=== Section Start ===

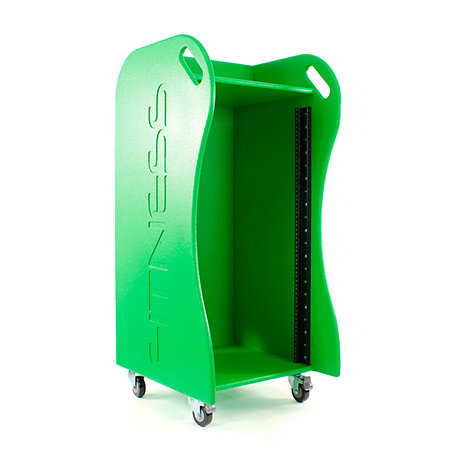 Fitness Rack Green BoomTone DJ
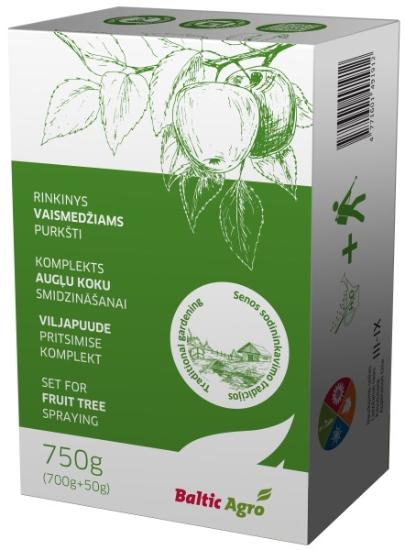 Prekės „Mišinys vaismedžių purškimui 750 g BA“ paveikslėlis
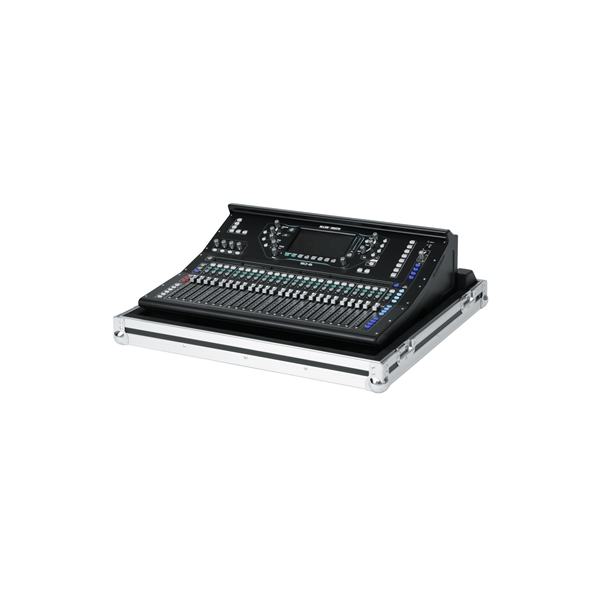 Gator Cases GTOURAHSQ6NDH Flight Case Mixer Allen & Heath SQ-6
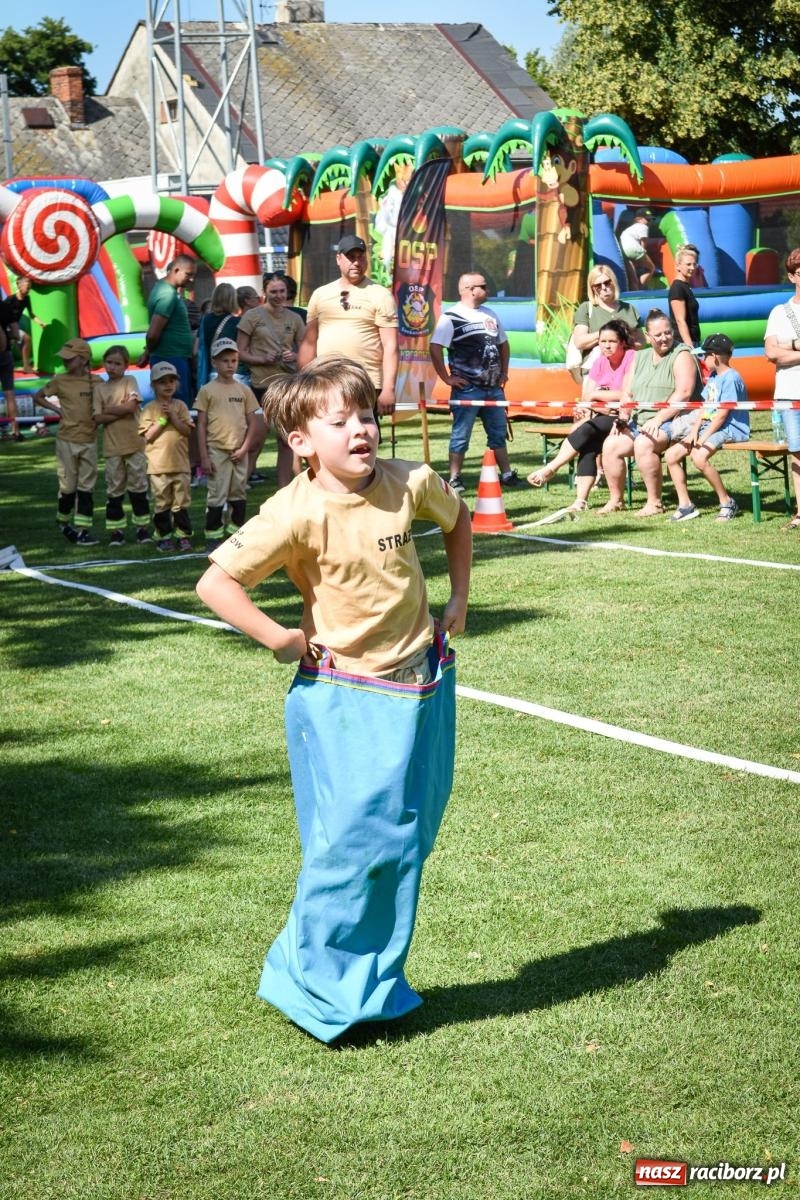 Zdjęcie w galerii na portalu naszraciborz.pl: Młodzi druhowie rywalizowali w Samborowicach. II Zawody Dziecięcych Drużyn Pożarniczych za nami wiadomości z regionu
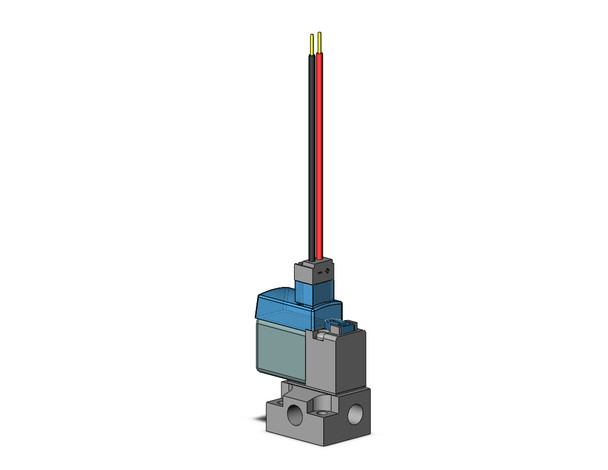 SMC V114-5LZ-M5 3 port solenoid valve valve, sol, base mt (dc)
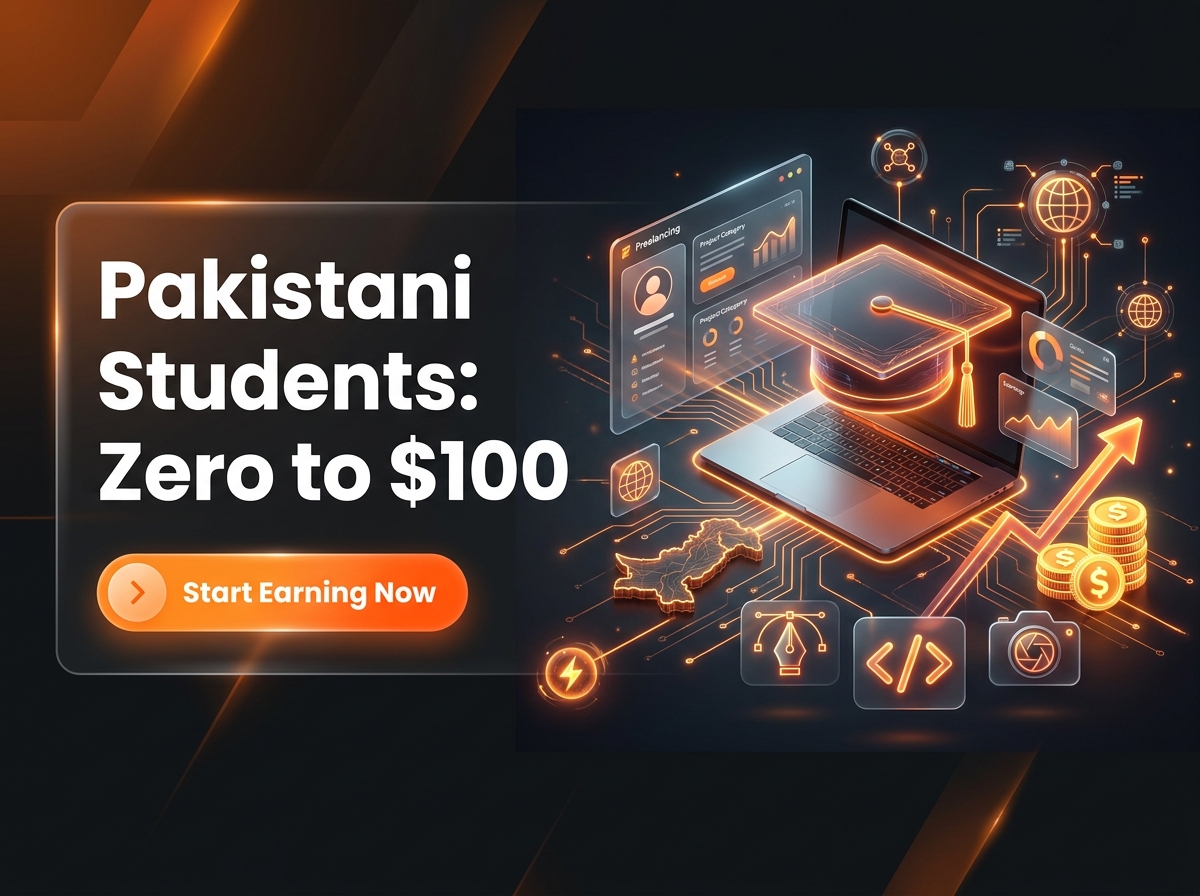 Freelancing guide for Pakistani students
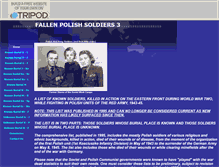 Tablet Screenshot of fallensoldiers3.tripod.com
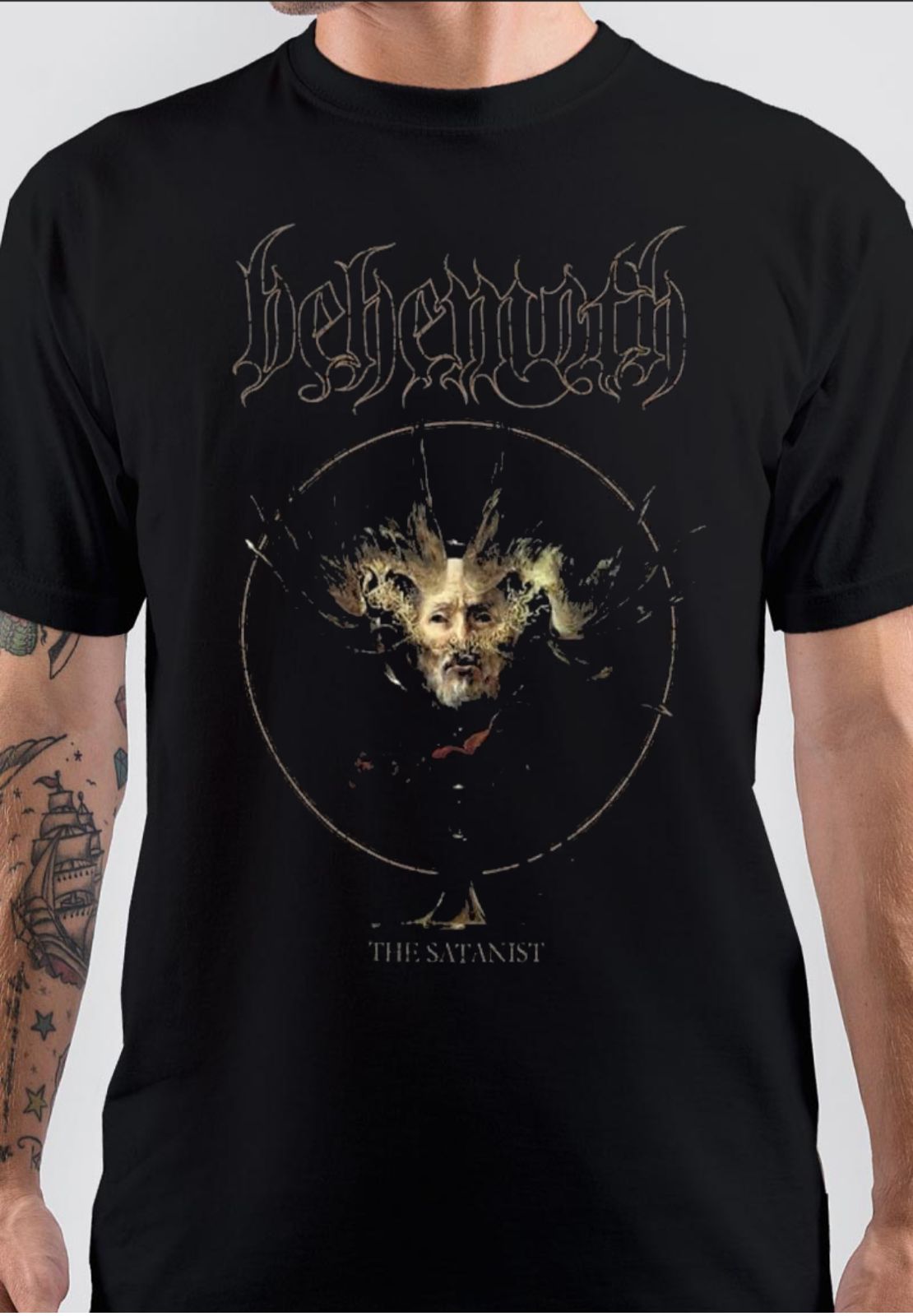 Behemoth T-Shirt Style002 Hoodie, Sweatshirt | PureTeeCo.com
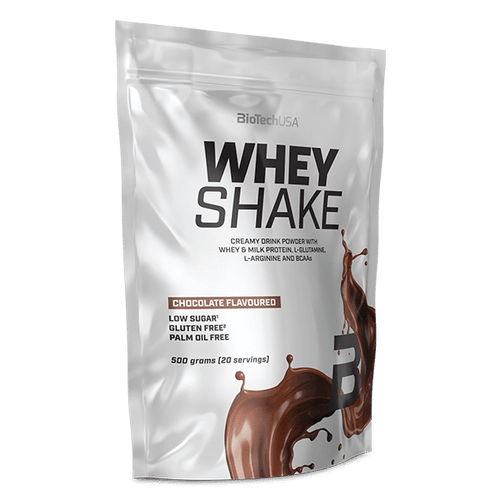 Whey Shake - 500 g - BioTechUSA Italy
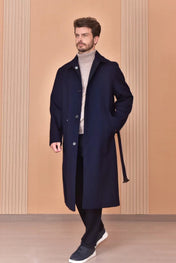 LORO PIANA 26S LONG COAT 729
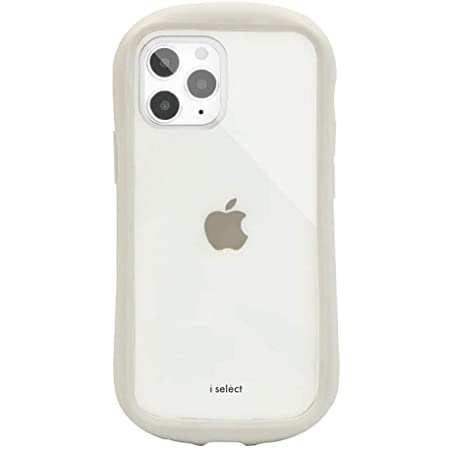 グランサンク i select clear iphone12 iphone12pro ケース 【 オフホワイト 】 ISE-15OWH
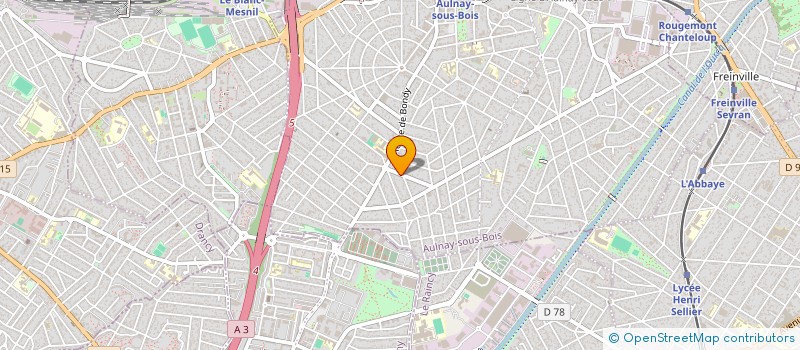 localisation de l'entreprise LITIA à AULNAY-SOUS-BOIS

=== Section End ===

Exercise for the records above: copy only the lines from the one with "Tablet Screenshot of" to the one with "グランサンク i select", both ends kept, and drop the pictures.

■ **RESPONSE BELOW**:
 Tablet Screenshot of fallensoldiers3.tripod.com
 Behemoth T-Shirt Style002 Hoodie, Sweatshirt | PureTeeCo.com
 Whey Shake - 500 g - BioTechUSA Italy
 LORO PIANA 26S LONG COAT 729
 グランサンク i select clear iphone12 iphone12pro ケース 【 オフホワイト 】 ISE-15OWH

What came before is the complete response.